Somehow I was thinking recently that the meatiness of swordfish, a popular fish in Sicily, and the plushness of mozzarella would produce a pleasant match. And they did. I tell you, it was really good.
Swordfish with salmoriglio sauce is a Palermo classic. The sauce is so simple yet has such intense flavor, you won’t believe it. Just herbs, your best olive oil, lemon, and a touch of garlic. There are cooked and uncooked versions. For summer, I like it cool and fresh. It’s used on meat and fish, but it’s also great on mozzarella, so I suppose that’s how the connection found its way into my head. This is a piatto unico, a meal on a plate. You’ll want the salmoriglio to spill off the fish so a little works its way onto the salad. All the flavors should blend. Since these flavors are distinct, the blend will be a vibrant one. Sicilian food is like that, even when improvised.

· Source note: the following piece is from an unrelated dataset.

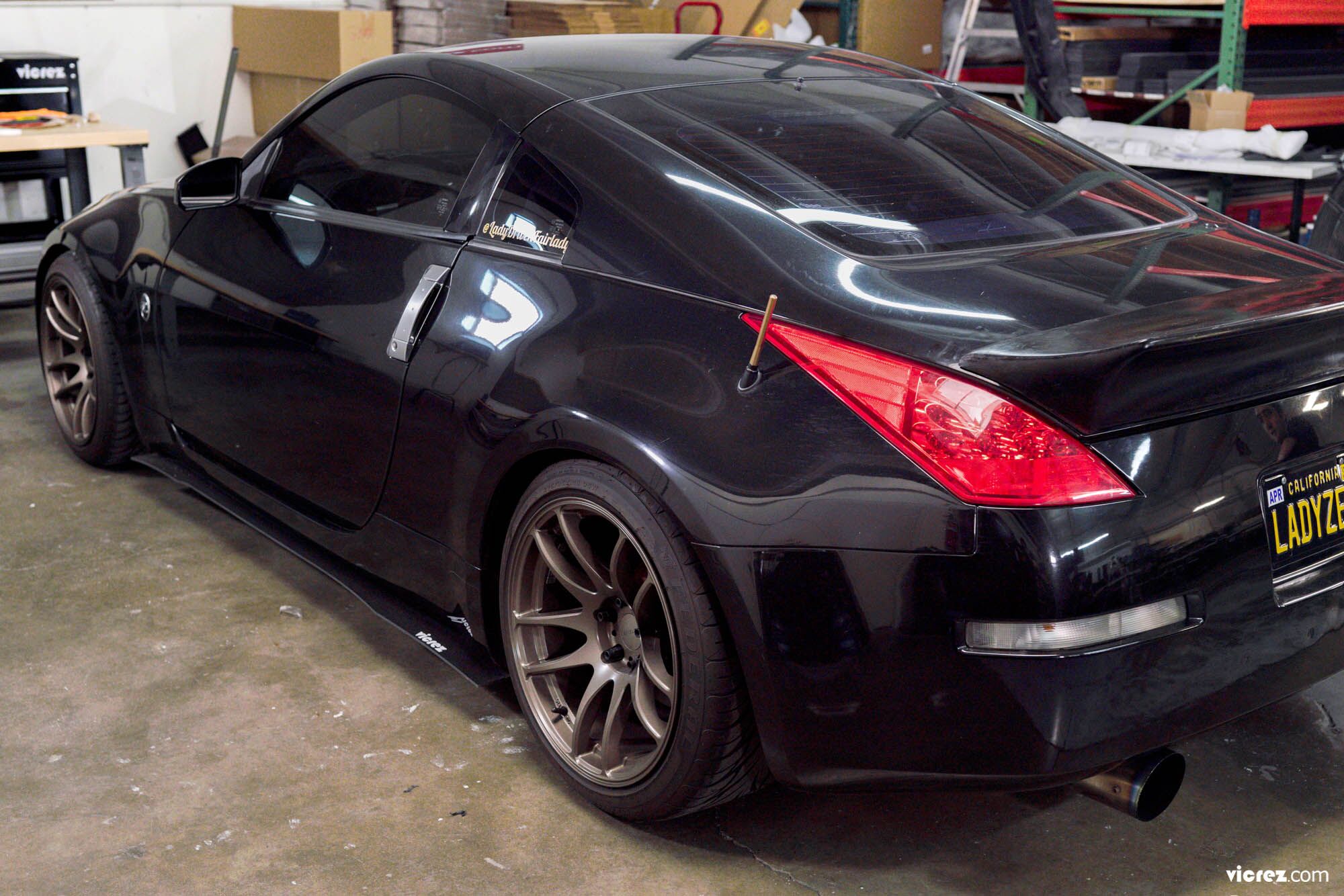 Vicrez Side Skirt Splitters vz100595 | Nissan 350z 2003-2008 Vicrez Side Skirt Splitters vz100595 | Nissan 350z 2003-2008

So here’s another low-carb Mediterranean offering for you pleasure-seeking dieters. Ditch the bread, but go for a glass of good Italian rosato.
Seared Swordfish with Salmoriglio and a Tomato, Mozzarella, and Celery Leaf Salad
For the salmoriglio:
½ cup extra-virgin olive oil
The juice from half a large lemon
1 summer garlic clove, minced
About 6 sprigs each fresh marjoram and oregano, the leaves chopped
For the salad:
8 summer cherry tomatoes, cut in half and drained for about ½ hour
½ pound not-too-soft mozzarella, cut into medium cubes
½ cup celery leaves, left whole
A few thin slices red shallot
3 sprigs marjoram, the leaves left whole
Extra-virgin olive oil
A drizzle of lemon juice
A palmful of baby arugula
2 thick slices, about ½ pound each, swordfish steak
A drizzle of extra-virgin olive oil
In a small bowl, mix all the ingredients for the salmoriglio together. Set aside. This should be made about ½ hour before serving, but not much longer or the herbs will lose their freshness.
In a large bowl, combine all the ingredients for the salad except the arugula, and give them a toss.
Put a heavy-bottomed skillet (cast iron will work well) over medium-high flame. Season the swordfish with salt and black pepper, and coat each side with a little olive oil.
When the skillet is hot, add the swordfish and sear, without moving the pieces around, until the bottoms are nicely browned and the fish moves easily in the skillet. Give them a flip, and brown the other side. The entire cooking time shouldn’t be more than about 4 to 5 minutes, depending on the thickness of the fish. You’ll want to keep the center a bit underdone, since swordfish can easily become dry.
Place the fish on two dinner plates. Put a little mound of arugula next to the fish. Divide the salad up onto the arugula. Drizzle the salmoriglio over the fish. Serve right away.